Here at TotalWellness, we talk a lot about building a culture of health and wellness, but sometimes that can be hard to define. So before we go too much further, let’s all get on the same page. According to William Baun, president of the National Wellness Institute, “In a culture of health, employee well-being and organizational success are inextricably linked. It aligns leadership, benefits, policies, incentives, programs and environmental supports to reduce barriers to active engagement and sustainability of healthy lifestyles.” Key elements also include:
- People who effectively support each other in achieving their lifestyle goals.
- Formal and informal polices and procedures that make the healthy choice the easy choice.
- Employees who work and play well together.
- Treating employee health as a business imperative.
- A sense of community, a shared vision and positive outlook.
Benefits of a Culture Audit
If you are on the fence about the need for offering a health culture audit, consider this scenario. Is healthy eating a priority, yet there continues to be unhealthy food choices at meetings and other employee events? These types of scenarios send mixed messages and decrease the impact of your wellness program. An audit can be a valuable tool in discovering certain aspects of your organizational culture that may be interfering with wellness efforts. Here are a few other benefits:
- Guide the actions of your wellness committee/team.
- Help make the worksite more supportive of healthy behaviors through policy and environment changes.
- Identify the unwritten “norms” and rules.
- Determine whether you culture is optimized to achieve your goals.
- Improve the overall culture.
- Recharge your wellness program - spark life into a new strategy and direction.
Components of a Culture Audit
Finally, let’s talk about how to complete a culture audit. Health culture auditing follows a simple three-step process:
Gather information. If possible interview stakeholders, conduct focus groups, survey employees, tour buildings, take photos, eat lunch in the cafeteria, and review internal documents to really evaluate workplace culture.
Identify critical holes and weak spots. Start asking questions. What do management and employees perceive as important? Are their synergies?

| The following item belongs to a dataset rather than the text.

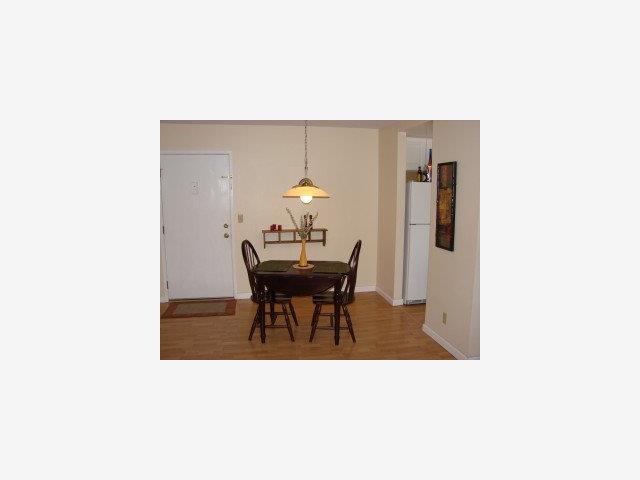 110 East Middlefield Road, Unit D Mountain View, CA 94043 - Photo 3 of 4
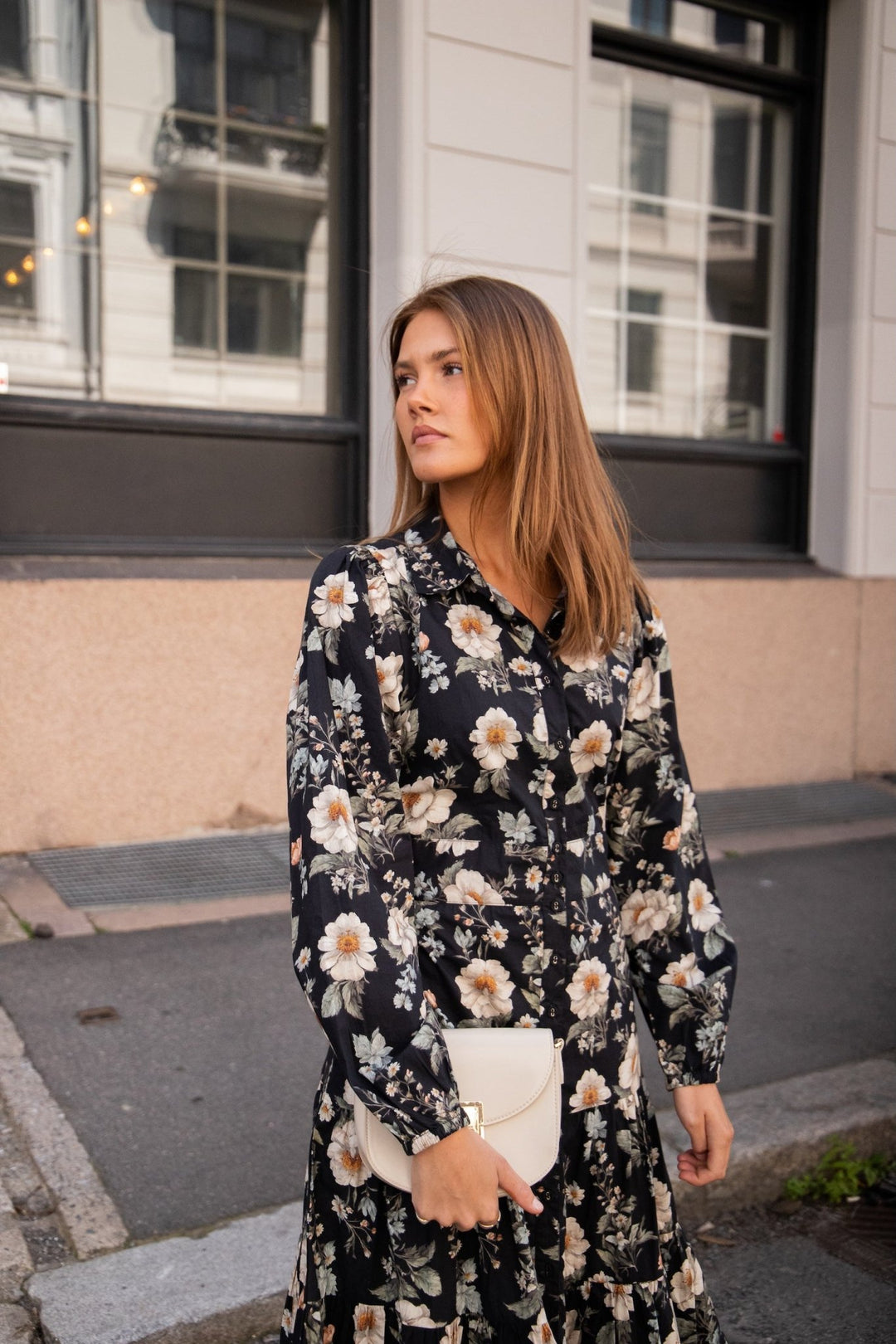 Vicky Midi Dress Antique Black Poplin | Kjoler | Smuk - Dameklær på nett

You could also use a SWOT analysis to find your strengths, weaknesses, opportunities and threats.
After you have collected data and reviewed results, you'll want to prepare a summary and recommendations to senior management. Prioritize the changes that will have the greatest impact.
If you have a limited budget or a do-it-yourself attitude, you can choose from a variety of free resources:
Completing a health culture audit can serve as important reminder that employee wellness doesn’t happen in a vacuum. While the process takes time, the results can be enlightening and lead to improvements in your corporate wellness program.